A senior government minister Wednesday hinted at the possibility of the general elections due in Trinidad and Tobago later this year being held in the month of September.
Finance Minister Colm Imbert, who has served as prime minister on numerous occasion since the ruling People’s National Movement (PNM) won the September 7, 2015, told a parliamentary committee that there is a possibility that the elections could be held before September 30 this year.
Imbert was addressing the Standing Finance Committee hearing on the increase of TT$43 million (One TT dollar=US$0.16 cents) for the Elections and Boundaries Commission (EBC) as part of its preparation for the election.
“In this fiscal year, we already have had one election, the local government election of November 2019 and it is likely, possible that there may be an election before the end of this fiscal year by September 30,” Imbert said.
He told the committee in anticipation of that possibility “the Ministry of Finance looked at expenditure over the years with respect to a general election and has come up with this supplementary appropriation for the EBC in the possibility that there may be a general election before the end of September 30.

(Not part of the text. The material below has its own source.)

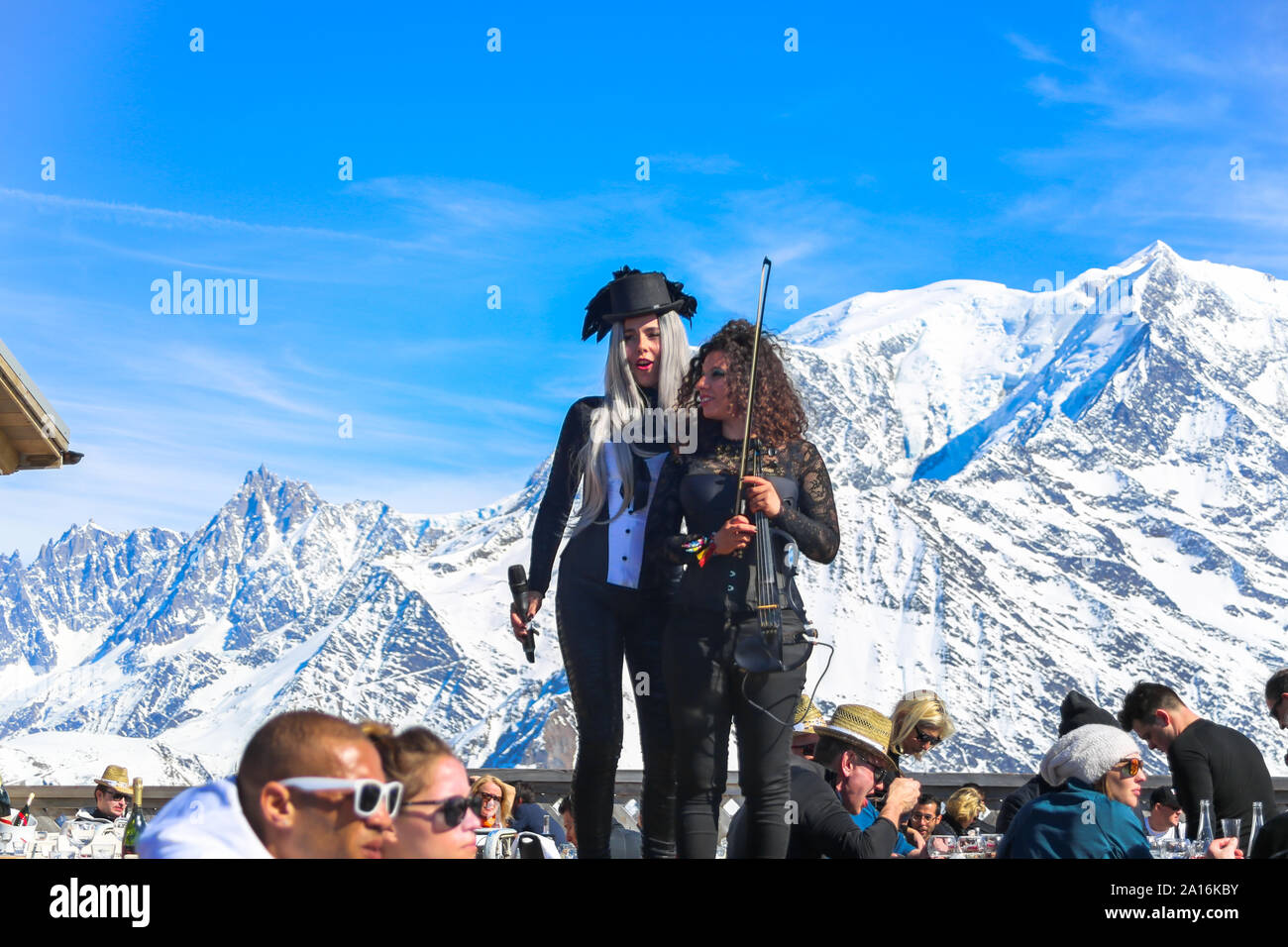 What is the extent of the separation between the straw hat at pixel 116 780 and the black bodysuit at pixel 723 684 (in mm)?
5141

Imbert brushed aside remarks by opposition legislator Dr Roodal Moonilal that there was more to the provision of the funds.
“Today we are told that we need TT$43 million more for the EBC because the minister got it wrong with his 2020 figures. Is this another case of the level of incompetence or is it that something is happening at Scott’s House (EBC headquarters) that we are not aware of that they require additional monies in excess of TT$105 million budgeted?”
But Imbert said it is routine that when the budget is presented during the fiscal year there will be adjustments based on assessments of the situation.
“We are simply making sure that the EBC has enough money to deal with a possible general election which may occur before the 30th of September,” he added.
Last weekend, Prime Minister Dr Keith Rowley rubbished a threat by Opposition Leader Kamla Persad Bissessar of legal action should he name the date for a general election with the country’s borders still closed as a result of the coronavirus (COVID-19) pandemic.
“All I could say to that is that Trinidad and Tobago has a responsible government and that government observes the law and the supreme law in this country is the Constitution. The Constitution determines how and when an election could be called and it has nothing to do with the fuddles of any opposition leader,” Rowley told a news conference.
General elections are due no later than November this year, and while Rowley has not given any indication as to when the PNM would seek a new mandate from the population, he did last week indicate that the Parliament would be dissolved in July.
Under the Constitution, an election must be called within 90 days of the dissolution of the 41-member Parliament.
In the last general election, the PNM won 23 of the 41 seats while the coalition People’s Partnership, with the main opposition United National Congress (UNC) as its biggest partner, won the remaining 18 seats.